■ **Task brief**
The listing below should be printed again word for word, without any images.

■ **Excerpted data**

= Beginning of Section =

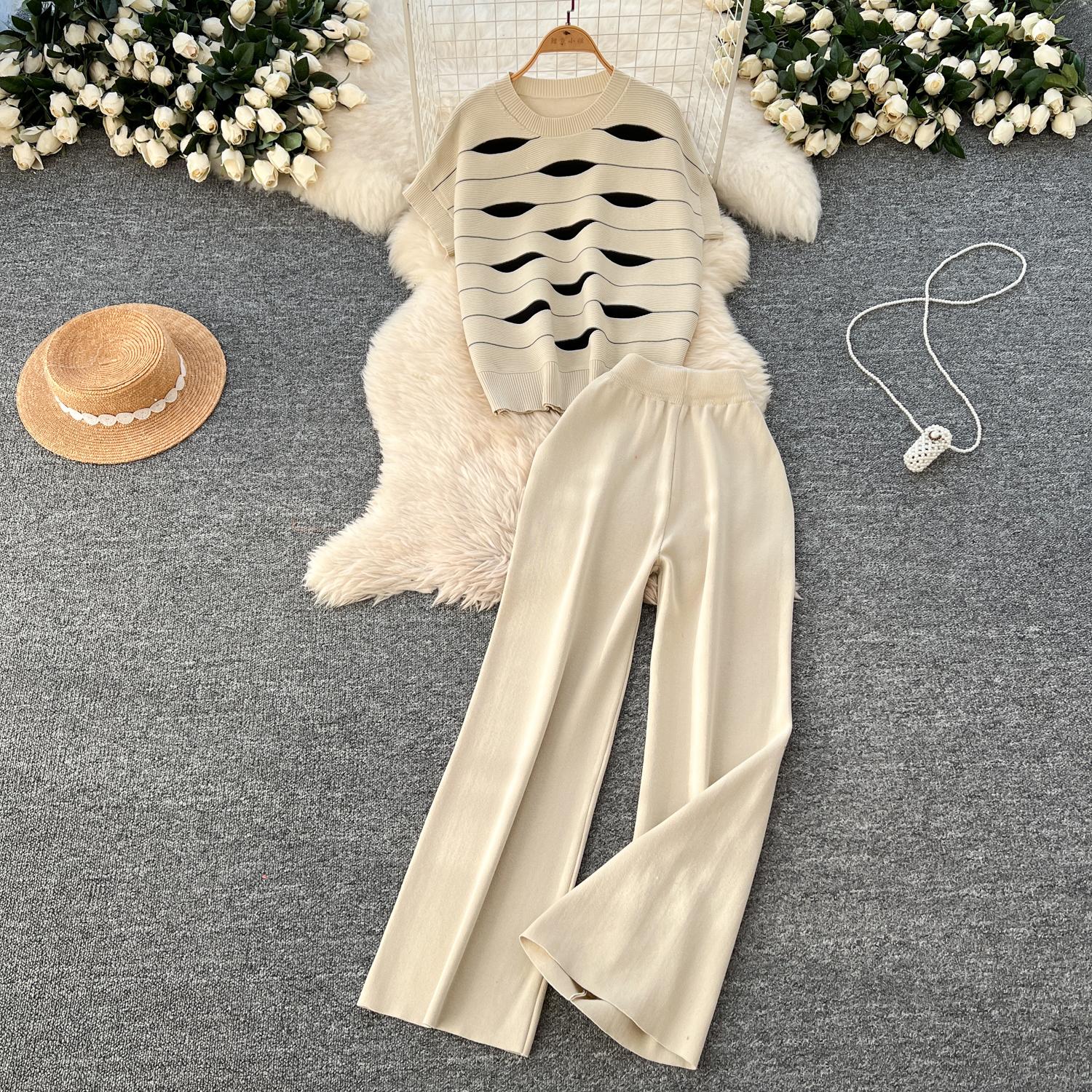 

Летний женский полосатый трикотажный свитер, брюки, комплект из двух предметов, короткий рукав, свитер, топ и брюки, спортивный костюм One Size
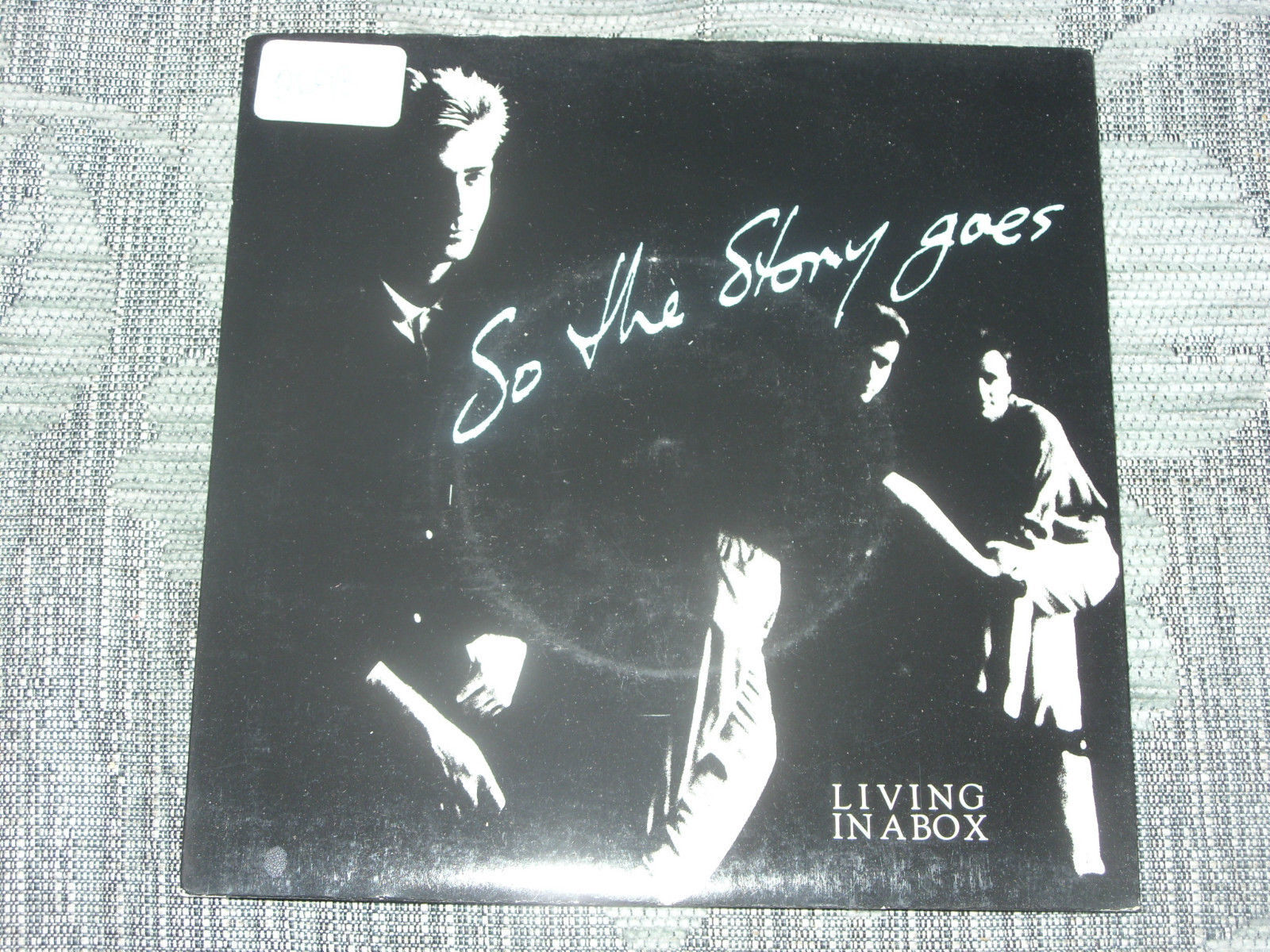Living in a box:  So the story goes     7"  MINT UNPLAYED VINYL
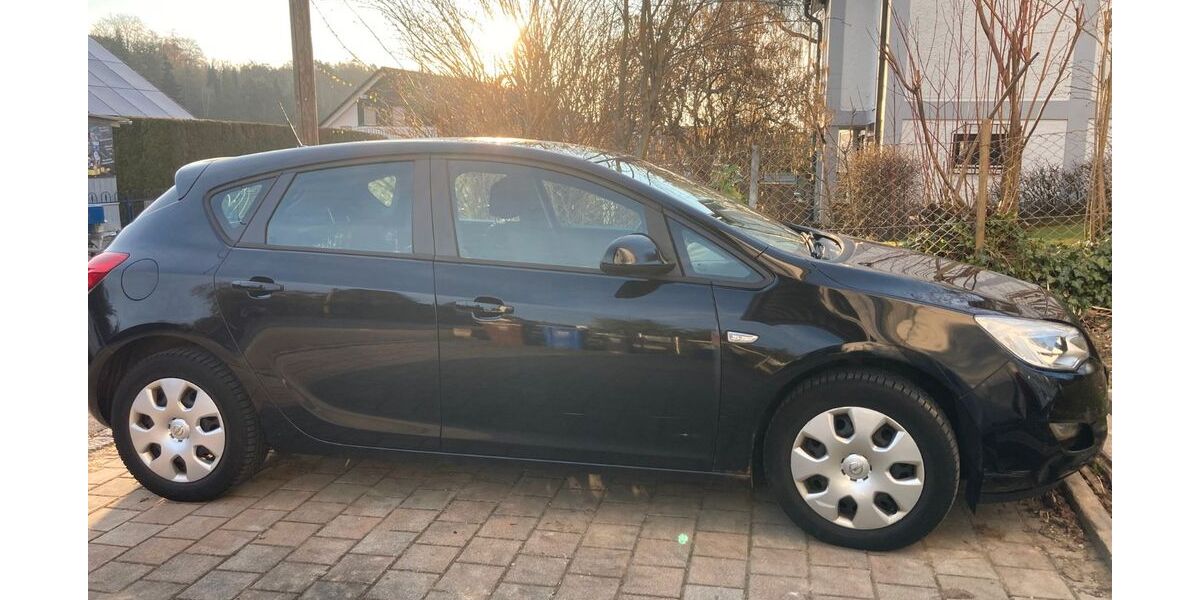 Opel Astra 190.000 km 2.900 &euro; Obergriesbach 86573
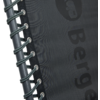 Close-up van het donkere springdoek met een deel van de tekst "Berger", metalen ringen en elastische koorden geregen aan een rond metalen frame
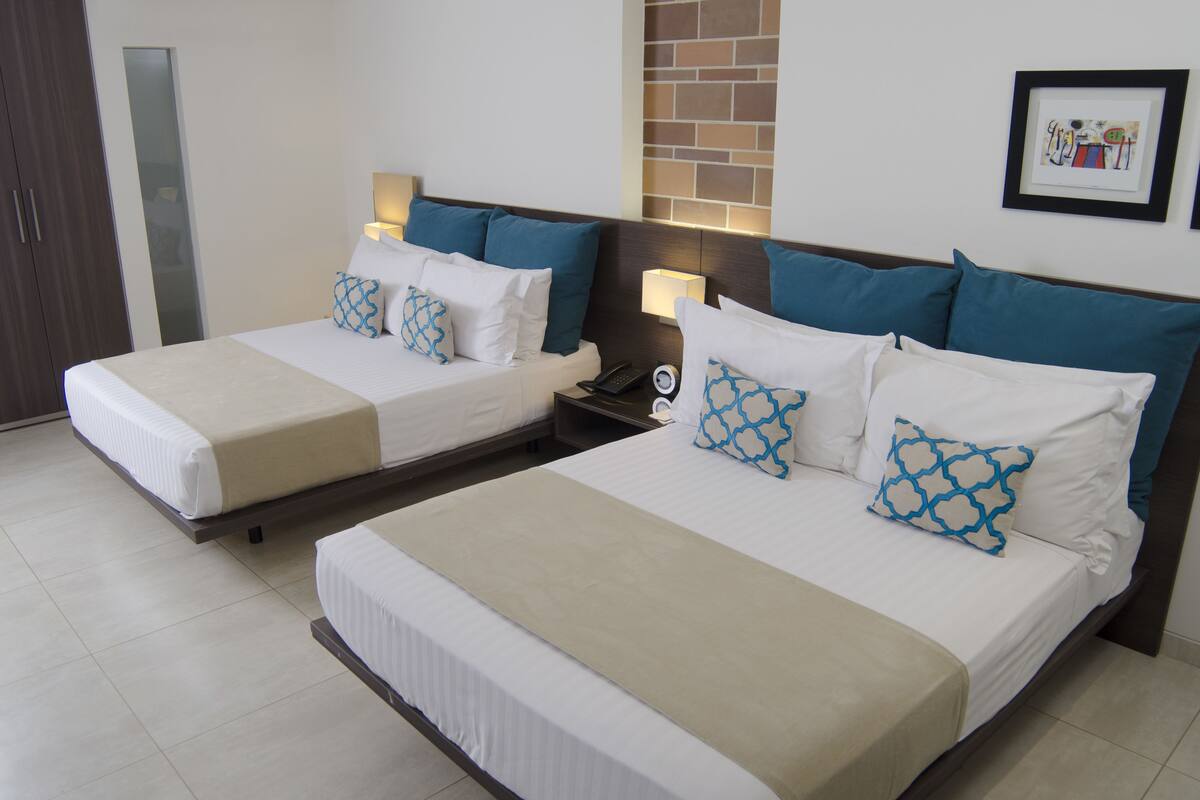 Junior Suite, 2 Katil Kelamin (Double) | Bar mini, peti besi dalam bilik, meja, ruang kerja komputer riba 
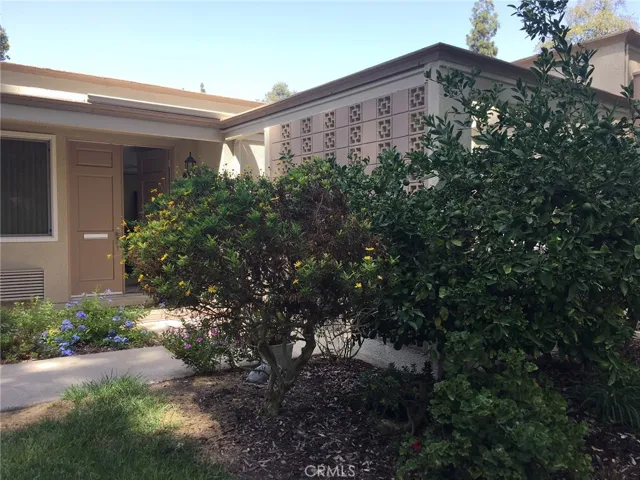66 Calle Aragon F, Laguna Woods, California 92637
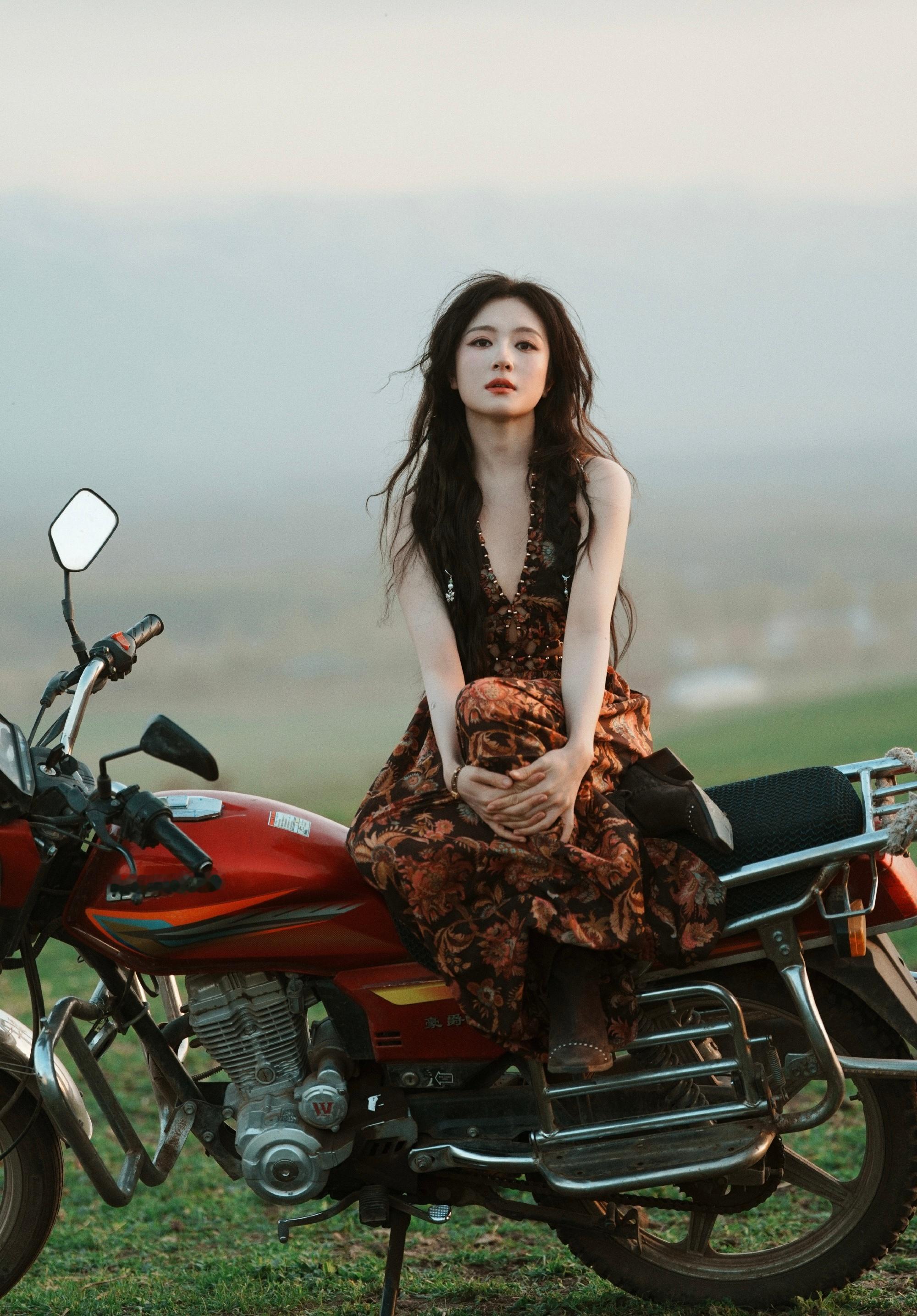 李兰迪李兰迪肌肉线条  李兰迪腰窝好明显 不刻意追求干瘦，而是练出紧致有力量的线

= End of Section =

■ **Response to the task**
Летний женский полосатый трикотажный свитер, брюки, комплект из двух предметов, короткий рукав, свитер, топ и брюки, спортивный костюм One Size
Living in a box:  So the story goes     7"  MINT UNPLAYED VINYL
 Opel Astra 190.000 km 2.900 &euro; Obergriesbach 86573
 Close-up van het donkere springdoek met een deel van de tekst "Berger", metalen ringen en elastische koorden geregen aan een rond metalen frame
 Junior Suite, 2 Katil Kelamin (Double) | Bar mini, peti besi dalam bilik, meja, ruang kerja komputer riba 
66 Calle Aragon F, Laguna Woods, California 92637
 李兰迪李兰迪肌肉线条  李兰迪腰窝好明显 不刻意追求干瘦，而是练出紧致有力量的线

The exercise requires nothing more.